P.S. I'm quite aware that, while Friedman test can be seen as an extension of Sign test from 2 to $k$ samples (variables), a pairwise post hoc test after Friedman is not and should not be exactly the Sign test. Neither it would be Wilcoxon paired-samle test. The "Dunn's approach" (if adapted to paired-sample situation) looks plausible post hoc because it compares, without further ranking, the "horizontal" ranks obtained at Friedman and reflecting all the $k$ samples. What bothered me, though, was that the approach appeared overconservative in the example of the post.
Later Addition. To me, Dunn's approach as it is implemented after Friedman's test in SPSS is incorrect. It does not adjust for ties in the same fashion as the parent omnibus test (Friedman) does it. Actually, it does not adjust for the ties at all, while it should. (The issue of ties handling is touched in the current answer above.)
The formula of Friedman's test statistic (explained in SPSS Algorithms) is
$$\chi^2= \frac{[12/(nk(k+1))]\sum^k C^2-3n(k+1)}{1-\Sigma T/[nk(k^2-1)]}$$
The denominator of the formula contains the adjustment for ties. If $k=2$ then quantity $\Sigma T/[nk(k^2-1)]$ is the proportion of cases in which the two variables are equal (tied).
Consider Friedman test performed with our variables V1
and V2
($k=2$). The proportion of cases with ties is 287/400=.7175
and the test statistic is 13.460, df=1
with significance p=.00024
. But the "Dunn's" comparison computed following SPSS formulas will be
Sample1 Sample2 MeanRank1 MeanRank2 TestStat StError Z Sig2side AdjSig
V1 V2 1.54875 1.45125 .0975 .0500 1.9500 .05118 .05118
Nonsignificant. Why? No proper (Friedman style) adjustment for ties was done.
In the presense of only $k=2$ samples in data a correct post hoc pairwise comparison test must give the same result (statistic and p-value) as the omnibus test - it is actually a property which proves that the post hoc test corresponds (is isomorphic) to the parent omnibus test. It is indeed so with Kruskal-Wallis test and Dunn's test - just program it following SPSS Algorithms and test with V1
and V2
as two independent groups, and you'll get same p=.0153
both for KW and for Dunn. But we saw that a similar equivalence is absent in relations between Friedman test and "Dunn's approach" post-Friedman comparison test.

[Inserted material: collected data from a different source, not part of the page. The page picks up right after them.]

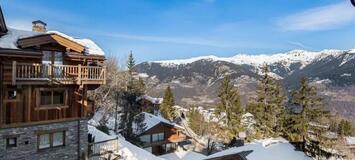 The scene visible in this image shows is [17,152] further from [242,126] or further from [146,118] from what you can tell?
[242,126]

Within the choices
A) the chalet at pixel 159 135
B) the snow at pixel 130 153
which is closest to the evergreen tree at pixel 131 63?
the chalet at pixel 159 135

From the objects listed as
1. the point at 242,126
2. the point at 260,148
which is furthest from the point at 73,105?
the point at 242,126

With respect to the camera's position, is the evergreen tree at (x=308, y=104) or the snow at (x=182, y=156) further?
the snow at (x=182, y=156)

Conclusion. Post hoc multiple comparison test being performed by SPSS (version 22 and earlier) after Friedman's test is defective. Maybe it is correct when there is no ties, but I don't know. The post hoc test does not treat ties the way Friedman does it (while it should). I cannot say anything about the formula of st. error, sqrt[k*(k+1)/(6n)]
, they are using: it was derived from discrete uniform distribution, but they didn't write how; is it correct? Either the "Dunn's test approach" was adapted to Friedman inadequatly by SPSS or Dunn's test cannot be adapted to Friedman at all.
Best Answer
The short answer is that needless multiple pairwise testing will taint your inference. That is, if you conduct multiple pairwise comparisons, the probability of falsely rejecting the NULL of in at least one of these tests increases as the number of pairwise comparisons increases.
This is the multiple testing problem that is typically introduced in a stat class to motivate Analysis of variance. Notice that a pairwise testing procedure assumes that each test is independent of one another. This assumption cannot be true since in comparing 3 groups, the same groups are repeatedly used across tests.
Often the Bonferroni method is discussed as a means of controlling for this distortion of the type 1 error rate, where the desired p-value is multiplied by as many tests as are conducted.
By first conducting a test that is designed to compare multiple parameter estimates, the correct inference can be made (as long as the assumptions for that test hold). If this test rejects the NULL of equality of parameters, then the post hoc methods can be employed to determine which parameter(s) is(are) different.